Those companies have already failed though (Zillow is practically about to go out of business because they failed so hard), probably can never succeed because of the adverse selection effect, and "investors are buying all the housing" is a myth propagated by NIMBYs.
Zillow is totally fine financially. Yeah they lost $10b which is bad news but they didn't bet the farm, and as they continue to invest r&d in renter/landlord oriented services they should be fine. It's the Expedia of houses, and people have to live somewhere. Can you put forward any proof at all that they are even struggling, let alone "about to go out of business"?
They can’t buy “all” the housing and make money off that. You can simply defeat them by building more housing.
Same reason car companies sell you cars instead of keeping them for themselves. They naturally depreciate, except we intervene in the market to help boomers’ retirements.
Yeah, because it's good-to-essential for boomers' retirements and they're the median voter. Young people are pretty bad at voting in general (they take any excuse to stop doing it) but unfortunately even besides that, wouldn't be the median voter because of population demographics.

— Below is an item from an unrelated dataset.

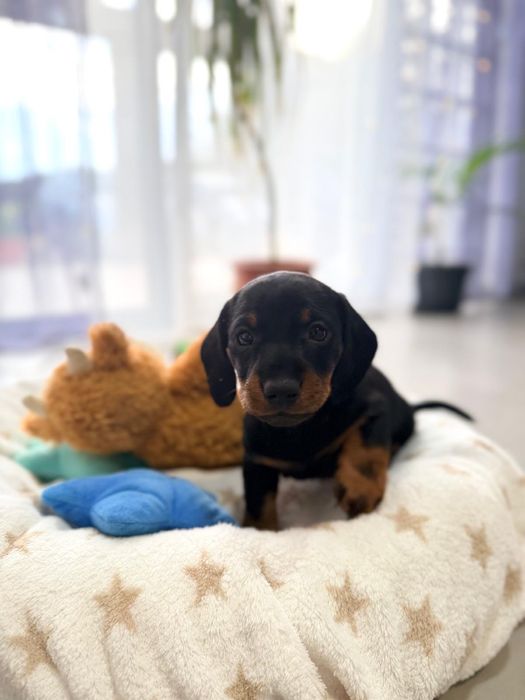 Teckel Standard com lop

But if you're a young person who doesn't own a home, X corporation owning the homes isn't worse for you than random boomer landlords owning them. Corporate landlords at least don't take things personally when you ask them to do maintenance, and theoretically you can be part owners of them since they're publicly traded.
And corporate landlords didn't defeat the social housing legislation in California just now, boomers did.
Those companies have already failed though (Zillow is practically about to go out of business because they failed so hard), probably can never succeed because of the adverse selection effect, and "investors are buying all the housing" is a myth propagated by NIMBYs.